### WHAT IS BEING ASKED:
Print all of the data below exactly as it appears, leaving out every image.

(Short web captions)

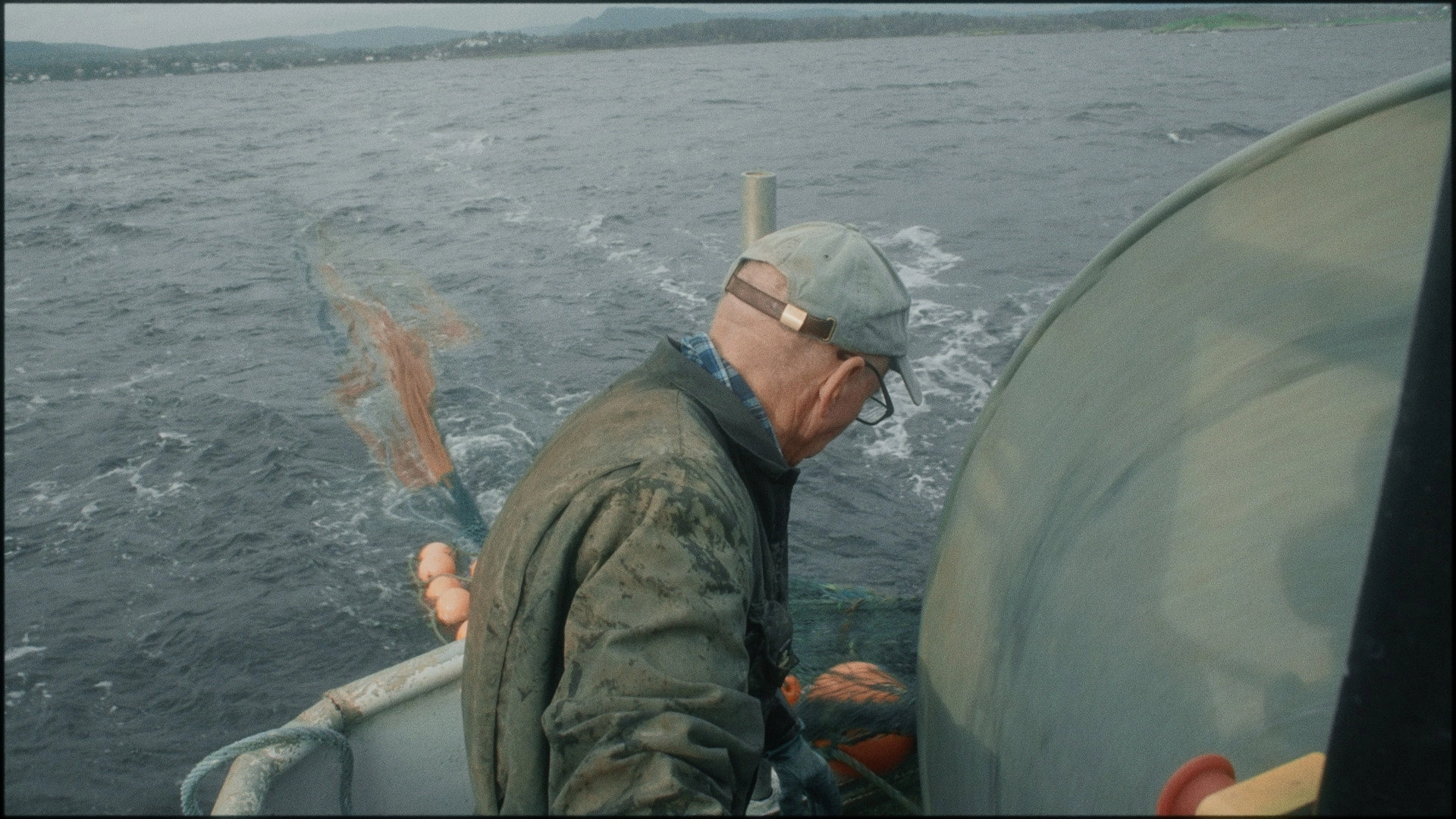 Caught in the net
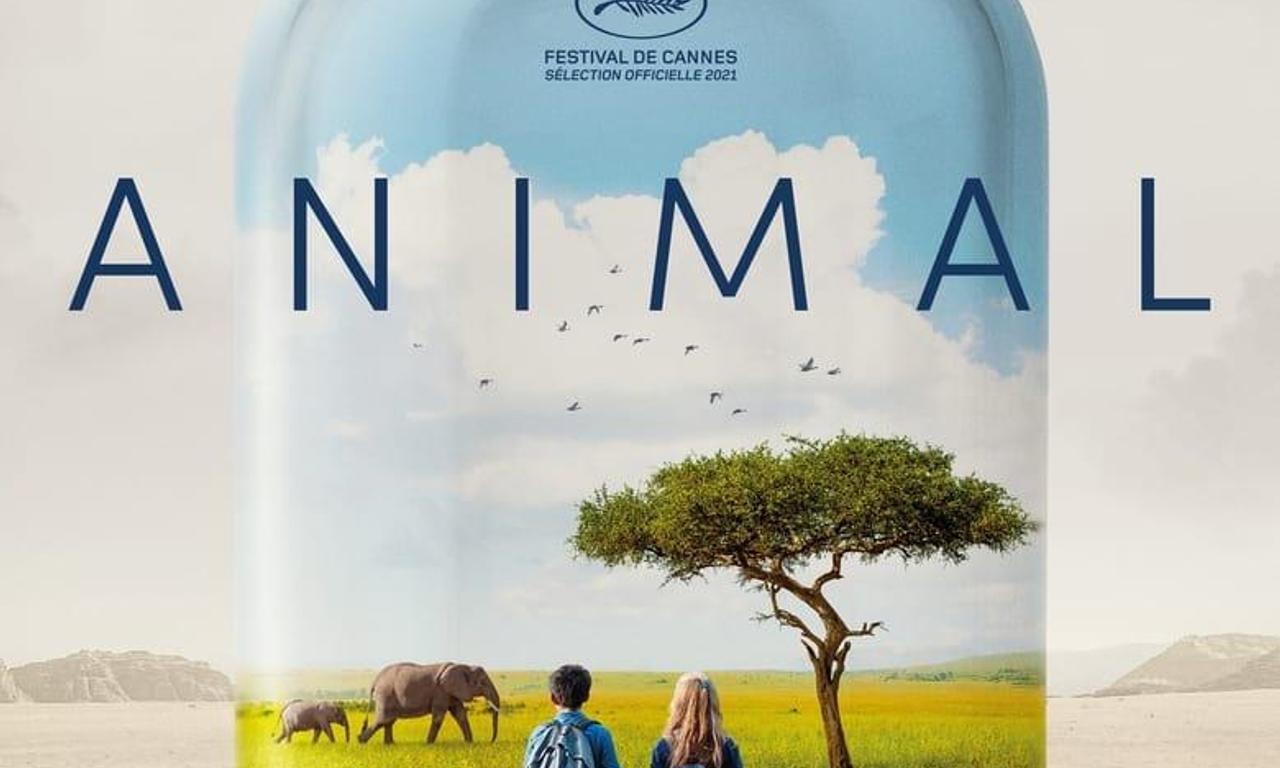 header image for Animal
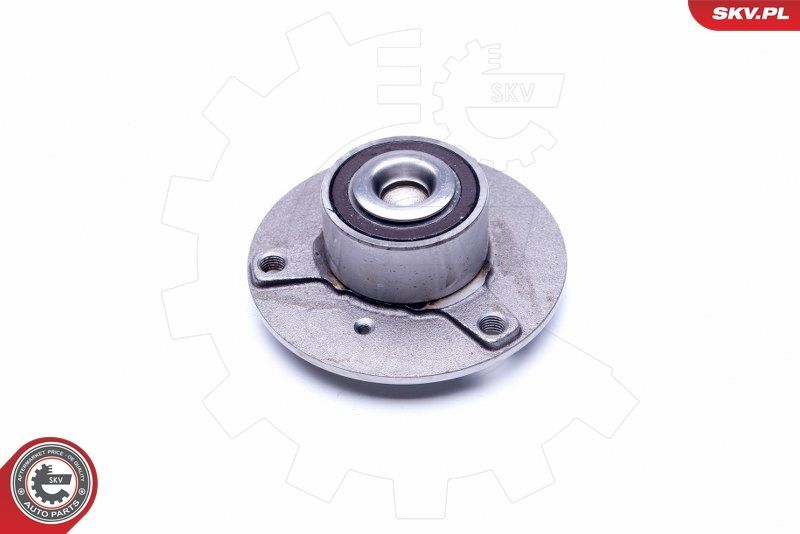 Rato guolio komplektas ESEN SKV 29SKV189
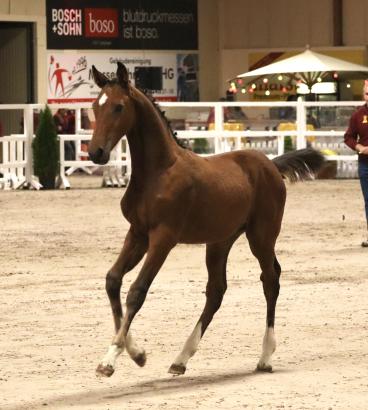 Foto: Der Sohn des Impress-K van’t Kattenheye Z (Züchter: ZG Keitel/Eder; Aussteller: Jürgen Laue und Hartmut Keitel) war eine echte Ausnahme-Offerte und wurde mit 13.500 Euro das bestbezahlte Fohlen der Auktionskollektion - Fotograf: Nele Hörster Foto: Der Sohn des Impress-K van’t Kattenheye Z (Züchter: ZG Keitel/Eder; Aussteller: Jürgen Laue und Hartmut Keitel) war eine echte Ausnahme-Offerte und wurde mit 13.500 Euro das bestbezahlte Fohlen der Auktionskollektion - Fotograf: Nele Hörster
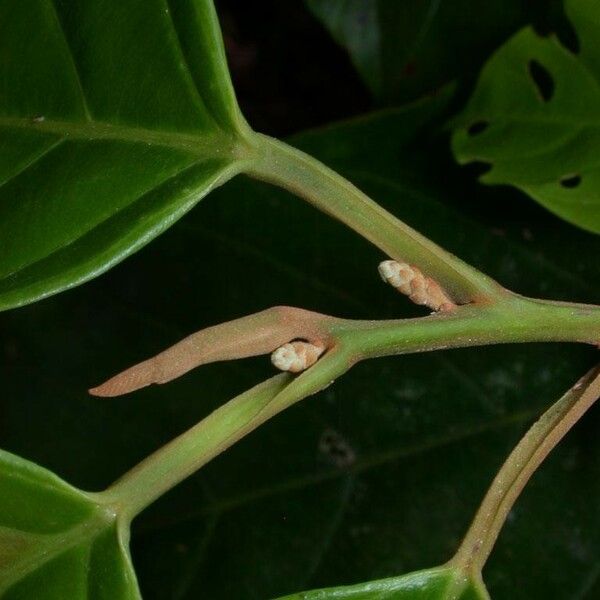 Minquartia guianensis Bark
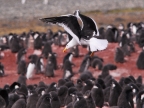Kelp Gull Penguin’s predator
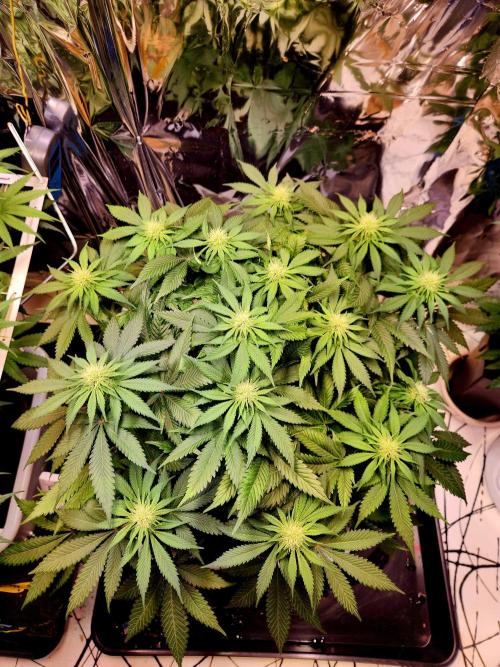 Cream Caramel. Week 10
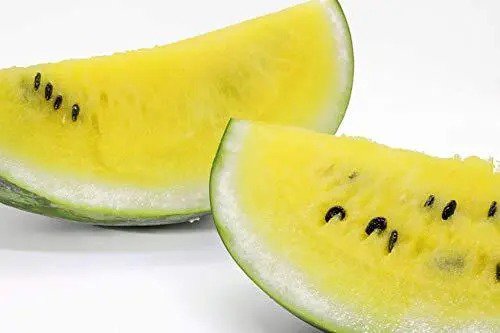 Fresh Dwarf Yellow Watermelon Seeds 25 Seeds Grow Petite Yellow Watermelons Delic Garden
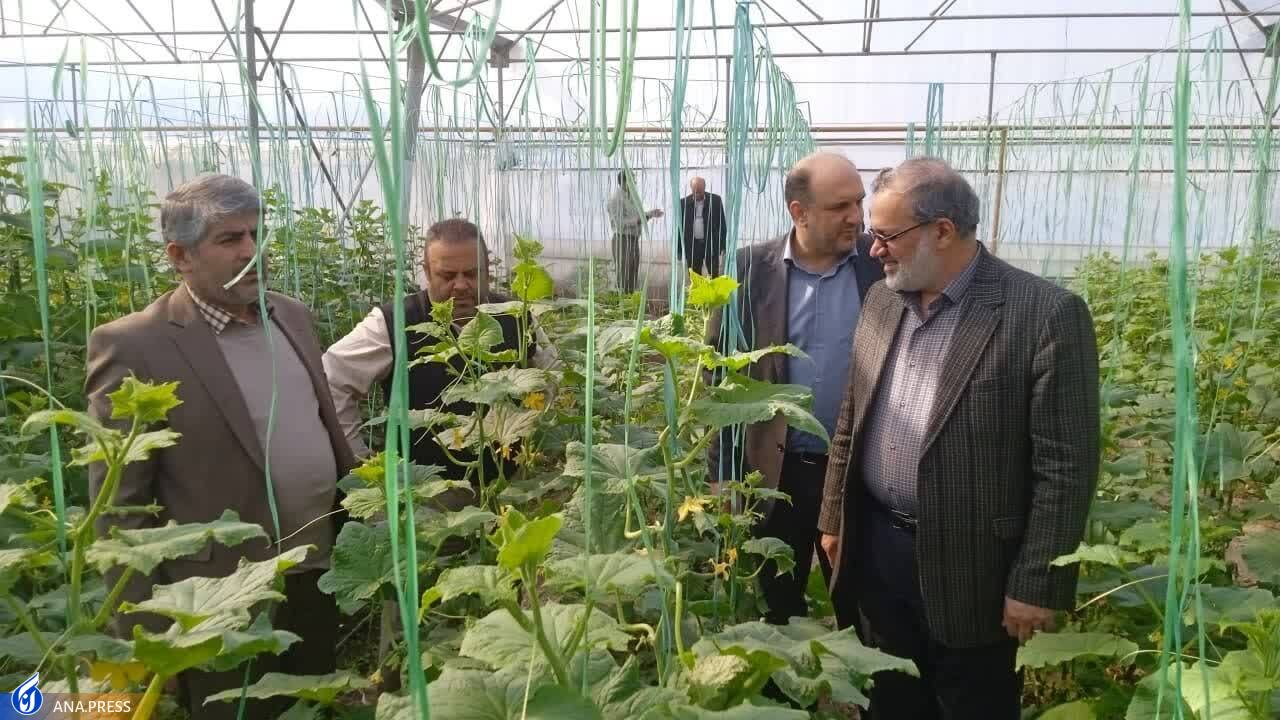 شرایط اقتصادی و بافت منطقه&zwnj;ای عاملی برای تأسیس مدارس مهارتی در ورامین است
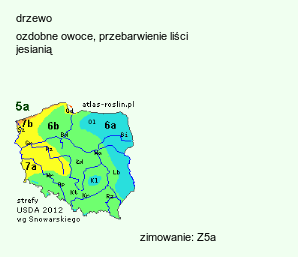 wymagania uprawowe Sorbus commixta (jarząb dalekowschodni)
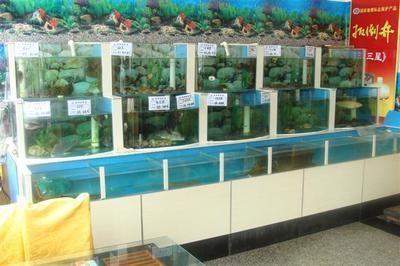 開(kāi)封市太平洋水族店（開(kāi)封市太平洋水族店地址）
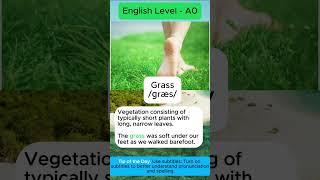 Grass facts Nature learnenglish englishspeaking vocabulary english Grass [upl. by Tanhya67]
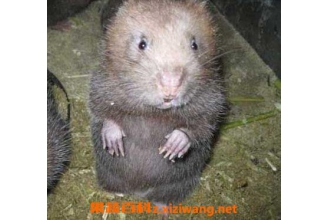 �������Ӫ����ֵ �������ҩ�ü�ֵ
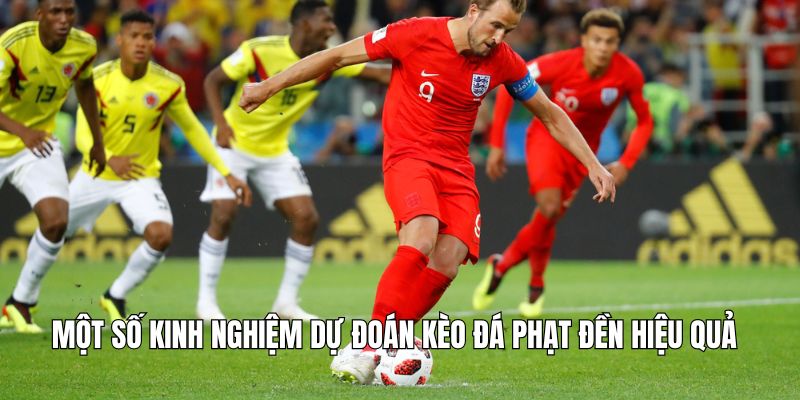 mot-so-kinh-nghiem-du-doan-keo-da-phat-hieu-qua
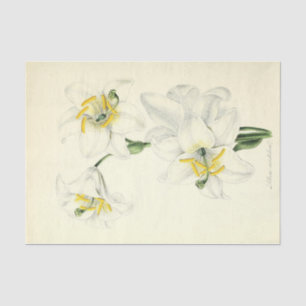 Papier Mousseline Ephémère Florale Découpage Lys blancs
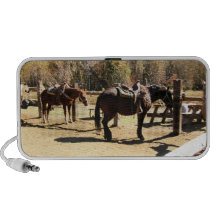 Horses Speaker System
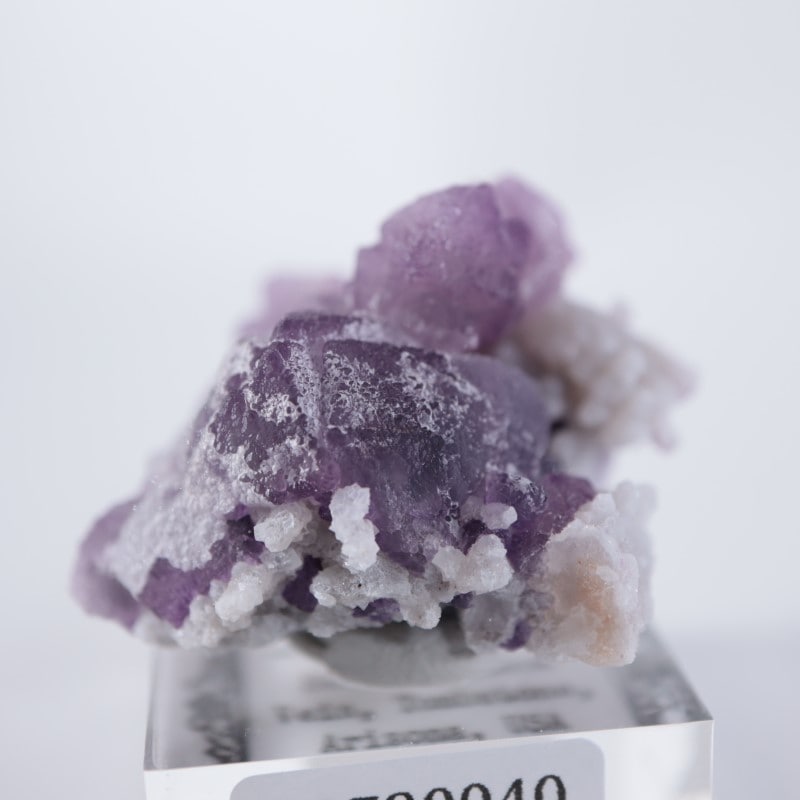 Tombstone�����ե����饤��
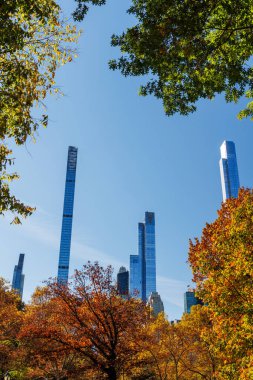 Güneşli bir sonbahar gününde New York 'taki Central Park' ta canlı bir sonbahar yeşilliği ve açık mavi gökyüzü parkın doğal güzelliğini gözler önüne seriyor.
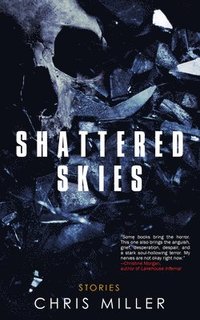 bokomslag Shattered Skies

### ANSWER TO THIS EXERCISE:
 Caught in the net
 header image for Animal
 Rato guolio komplektas ESEN SKV 29SKV189
 Foto: Der Sohn des Impress-K van’t Kattenheye Z (Züchter: ZG Keitel/Eder; Aussteller: Jürgen Laue und Hartmut Keitel) war eine echte Ausnahme-Offerte und wurde mit 13.500 Euro das bestbezahlte Fohlen der Auktionskollektion - Fotograf: Nele Hörster Foto: Der Sohn des Impress-K van’t Kattenheye Z (Züchter: ZG Keitel/Eder; Aussteller: Jürgen Laue und Hartmut Keitel) war eine echte Ausnahme-Offerte und wurde mit 13.500 Euro das bestbezahlte Fohlen der Auktionskollektion - Fotograf: Nele Hörster
 Minquartia guianensis Bark
Kelp Gull Penguin’s predator
 Cream Caramel. Week 10
 Fresh Dwarf Yellow Watermelon Seeds 25 Seeds Grow Petite Yellow Watermelons Delic Garden
 شرایط اقتصادی و بافت منطقه&zwnj;ای عاملی برای تأسیس مدارس مهارتی در ورامین است
 wymagania uprawowe Sorbus commixta (jarząb dalekowschodni)
 開(kāi)封市太平洋水族店（開(kāi)封市太平洋水族店地址）
 Grass facts Nature learnenglish englishspeaking vocabulary english Grass [upl. by Tanhya67]
 �������Ӫ����ֵ �������ҩ�ü�ֵ
 mot-so-kinh-nghiem-du-doan-keo-da-phat-hieu-qua
 Papier Mousseline Ephémère Florale Découpage Lys blancs
 Horses Speaker System
 Tombstone�����ե����饤��
 Güneşli bir sonbahar gününde New York 'taki Central Park' ta canlı bir sonbahar yeşilliği ve açık mavi gökyüzü parkın doğal güzelliğini gözler önüne seriyor.
 bokomslag Shattered Skies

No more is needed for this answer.